Of the valuation measures, the price-to-earnings (P/E) ratio and the price-to-sales (P/S) ratio are most commonly used for stock picking. Indeed, calculations based on revenue and, to some extent, sales are easy and convenient. However, the price-to-book ratio (P/B ratio) has become a handy tool for identifying low-priced stocks with high growth prospects.

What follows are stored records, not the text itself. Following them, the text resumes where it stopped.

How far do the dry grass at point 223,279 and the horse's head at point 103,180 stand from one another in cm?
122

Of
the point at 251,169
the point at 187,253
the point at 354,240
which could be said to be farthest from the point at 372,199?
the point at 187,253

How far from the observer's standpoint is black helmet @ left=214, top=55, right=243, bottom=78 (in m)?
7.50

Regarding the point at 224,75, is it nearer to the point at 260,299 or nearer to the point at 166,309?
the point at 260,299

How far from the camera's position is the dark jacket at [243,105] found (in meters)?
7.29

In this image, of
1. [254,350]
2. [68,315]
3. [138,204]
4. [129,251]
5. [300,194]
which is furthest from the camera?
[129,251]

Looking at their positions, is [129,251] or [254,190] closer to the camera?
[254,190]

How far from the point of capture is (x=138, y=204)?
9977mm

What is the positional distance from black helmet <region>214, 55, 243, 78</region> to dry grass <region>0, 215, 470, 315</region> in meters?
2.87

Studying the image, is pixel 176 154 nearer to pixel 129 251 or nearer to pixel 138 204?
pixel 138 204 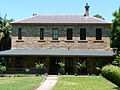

The P/B ratio is used to calculate how much an investor should pay for each dollar of a stock’s book value. It is calculated by dividing the current closing share price by the last quarter’s book value per share.
P/B ratio = market capitalization / book value of equity
The P/B ratio helps identify low-priced stocks that have high growth prospects. Ford Motor Company F, General Motors Society GM, Knowledge base home KBH, Group 1 Automotive GPI, and Signet Jewelers Limited GIS are some of those choices.
What is the book value?
There are several ways to define book value. Book value is the total value that would remain, according to the company’s balance sheet, if it went bankrupt immediately. In other words, it’s what shareholders would theoretically receive if a company liquidated all of its assets after settling all of its liabilities.
It is calculated by subtracting the total liabilities from the total assets of a business. In most cases, this equates to common shareholders’ equity on the balance sheet. However, according to the company’s balance sheet, intangible assets must also be subtracted from total assets to determine book value.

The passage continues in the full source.